63. Subject as hereafter provided, the Independent Directors of the Corporation at any time shall comprise the Independent Directors’ Committee.  The Chair of the Board shall act as chair of the Independent Directors’ Committee.  The duties of the Independent Directors’ Committee shall include, among other duties assigned by the Board from time to time, the review of appropriate candidates for election as Independent Directors for recommendation to the Members.

Any member of the Independent Directors’ Committee may be removed from such committee at any time at the discretion of the Board only upon a resolution of the Board being passed that was supported by at least a two-thirds (2/3rds) majority of the votes cast by the remaining Independent Directors.

64. The Board shall appoint a committee having the duty to recommend Standards and any amendment thereto from time to time to the Board for approval, which, when approved by the Board, shall be applicable to the Corporation and to Subscribers.  The Council of Lloyd’s shall require all Members of Lloyd’s and/or Lloyd’s managing agents to comply with any Standards approved by the Board.

65. The Board may from time to time constitute such other committees of the Board as it deems necessary, for such purposes and with such duties, other than as set out in sections 63 and 64, as may be prescribed by the Board, and whose members shall serve at the pleasure of the Board.  The presence of a majority of committee members – provided that such majority constitutes a total number of those committee members who are Independent Directors greater than the number of those committee members who are Industry Directors present at the meeting – shall be necessary to constitute a quorum for the transaction of business at committee meetings.  No business shall be transacted at any committee meeting unless a quorum is present at the commencement of and throughout the meeting. The duties of such committees may include, among other duties assigned by the Board from time to time:

    1. the review of the proposed budget of the Corporation prior to approval by the Board;
    2. the review of the remuneration and benefits of officers, agents and employees and committee members annually prior to the Board’s approval of the budget for the next financial year and the committee shall report to the Board on the review; and
    3. the review of the audited annual financial statements of the Corporation before they are approved by the Board and meeting with the public accountant to discuss the financial statements of the Corporation.

66. Each committee of the Corporation may formulate its own rules of procedure subject to such regulations and/or directions as the Board may from time to time make in respect thereof. Committees may meet for the transaction of business, adjourn and otherwise regulate their meetings as they think fit.

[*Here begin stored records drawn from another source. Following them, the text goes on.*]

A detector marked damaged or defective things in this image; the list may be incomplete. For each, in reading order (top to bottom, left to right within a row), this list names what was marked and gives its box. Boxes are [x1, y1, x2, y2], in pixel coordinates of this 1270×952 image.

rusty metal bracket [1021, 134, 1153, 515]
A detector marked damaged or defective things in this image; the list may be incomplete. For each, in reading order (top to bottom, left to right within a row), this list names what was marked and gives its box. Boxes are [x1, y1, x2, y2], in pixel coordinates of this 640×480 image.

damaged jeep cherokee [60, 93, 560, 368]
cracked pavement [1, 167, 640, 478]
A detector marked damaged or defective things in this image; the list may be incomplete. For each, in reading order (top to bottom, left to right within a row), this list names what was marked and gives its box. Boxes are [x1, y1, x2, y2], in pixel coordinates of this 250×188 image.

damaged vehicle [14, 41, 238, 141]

Questions arising at any meeting of a committee shall be decided by a majority of votes.  The Board may fix any remuneration to be paid, if any, to members of any committee.  Any member of any such committee shall be removable from such committee at any time at the discretion of the Board.

STANDARDS

67. “Standards” means, collectively: a set of standards for dealing with general insurance consumer concerns and complaints, which standards shall reflect a commitment to, among other things, accessibility, timeliness, courtesy, clarity, accuracy, consistency, knowledge, fairness and impartiality, confidentiality, objectivity and independence.

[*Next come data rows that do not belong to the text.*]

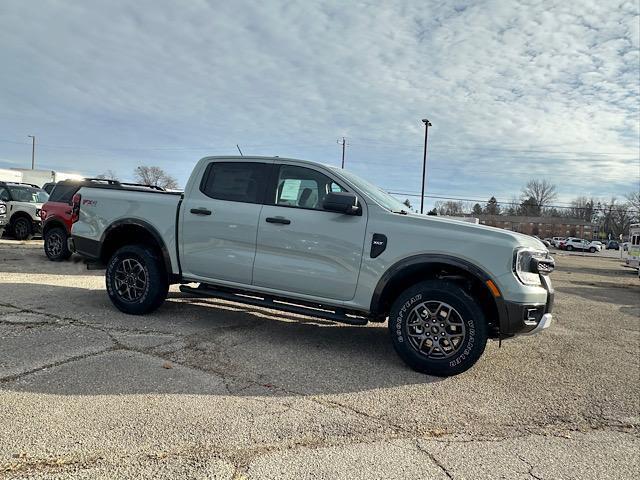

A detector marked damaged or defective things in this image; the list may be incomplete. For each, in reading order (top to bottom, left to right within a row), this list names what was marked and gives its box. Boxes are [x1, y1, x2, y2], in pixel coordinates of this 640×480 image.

cracked asphalt [0, 242, 636, 478]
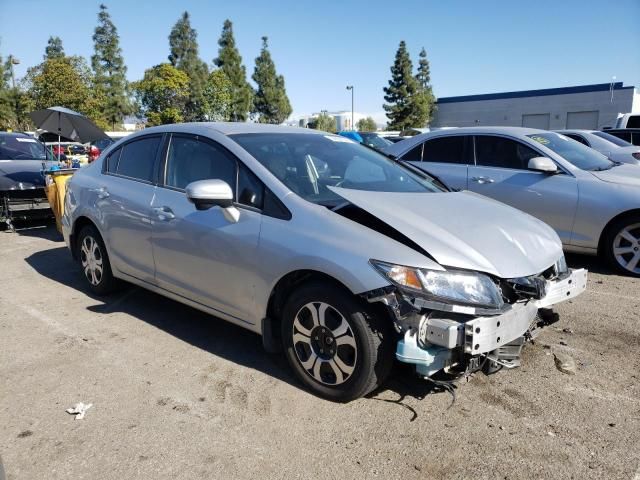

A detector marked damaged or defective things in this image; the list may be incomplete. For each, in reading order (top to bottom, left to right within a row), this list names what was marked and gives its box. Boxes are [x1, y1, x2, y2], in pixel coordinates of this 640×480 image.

damaged silver sedan [62, 123, 588, 402]
cracked headlight housing [370, 258, 504, 312]
crushed front bumper [392, 268, 588, 376]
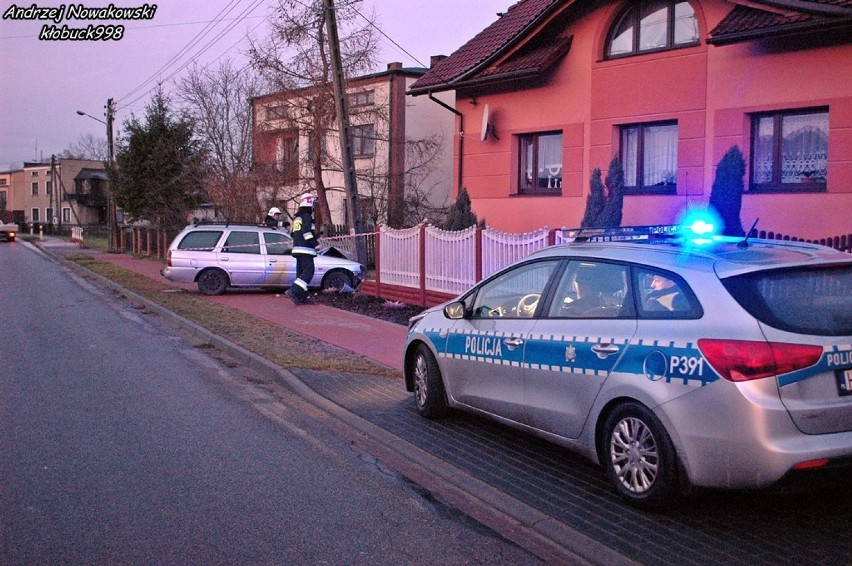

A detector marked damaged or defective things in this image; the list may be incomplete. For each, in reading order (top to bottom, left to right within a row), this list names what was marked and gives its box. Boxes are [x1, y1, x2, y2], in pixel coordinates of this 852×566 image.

crashed car rear window [176, 231, 221, 251]
crashed car wheel [197, 270, 230, 298]
crashed silver car [162, 223, 362, 298]
crashed car wheel [322, 270, 352, 292]
crashed car rear window [724, 266, 852, 338]
crashed car wheel [412, 344, 450, 420]
crashed silver car [404, 223, 852, 510]
crashed car wheel [604, 404, 684, 510]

68. The Corporation’s public accountant or such other independent person or persons designated by the Board shall review and report on compliance by the Corporation with the Standards.

69. The Board or any other independent person or persons designated by the Board shall review and report on compliance by the Subscribers or, in the case of Lloyd’s, by any Member of Lloyd’s or any Lloyd’s managing agent, with the Standards.

OFFICERS

70. The officers of the Corporation shall be a Chair, a Secretary, and any such other officers as the Board may determine. Any two offices may be held by the same person, who need not be a Director, except as otherwise specifically provided in the Corporation’s By-laws.

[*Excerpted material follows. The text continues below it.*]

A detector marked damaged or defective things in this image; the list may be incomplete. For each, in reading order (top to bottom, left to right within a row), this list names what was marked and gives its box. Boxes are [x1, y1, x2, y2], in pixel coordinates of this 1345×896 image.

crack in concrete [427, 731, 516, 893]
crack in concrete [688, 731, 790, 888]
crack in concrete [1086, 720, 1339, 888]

71. The Chair shall be appointed by the Board from among the Independent Directors following each annual meeting of Members. In the event that the Chair resigns or in the event of the long-term absence or disability of the Chair, the Board may appoint a new Chair from among the Independent Directors to serve for the remainder of the term of the preceding Chair.

72. The Vice-Chair shall be appointed by the Board from among the Independent Directors following each annual members meeting at which the Directors are elected. In the event that the Vice-Chair resigns or in the event of the absence or disability of the Vice-Chair, the Board may appoint a member, preferably the chair, of the Governance & Standards Committee as an interim Vice-Chair to serve for the remainder of the term of the preceding Vice-Chair or until the Vice-Chair is able to resume his or her duties, as applicable.

73. Secretary shall be appointed by the Board following each annual meeting of Members at which the Directors are elected. The Secretary shall be subject to removal by the Board at any time with or without cause.

74. The officers of the Corporation, other than the employees of the Corporation, shall hold office for one (1) year from their date of appointment or until their successors are appointed in their stead.

DUTIES OF OFFICERS

75. The Chair shall preside at all meetings of the Members, the Board and the Independent Directors’ Committee.  The Chair shall see that all orders and resolutions of the Board are carried into effect.  The Chair shall have such other powers and shall perform such other duties as may from time to time be assigned to the Chair by resolution of the Board or as are incidental to the office.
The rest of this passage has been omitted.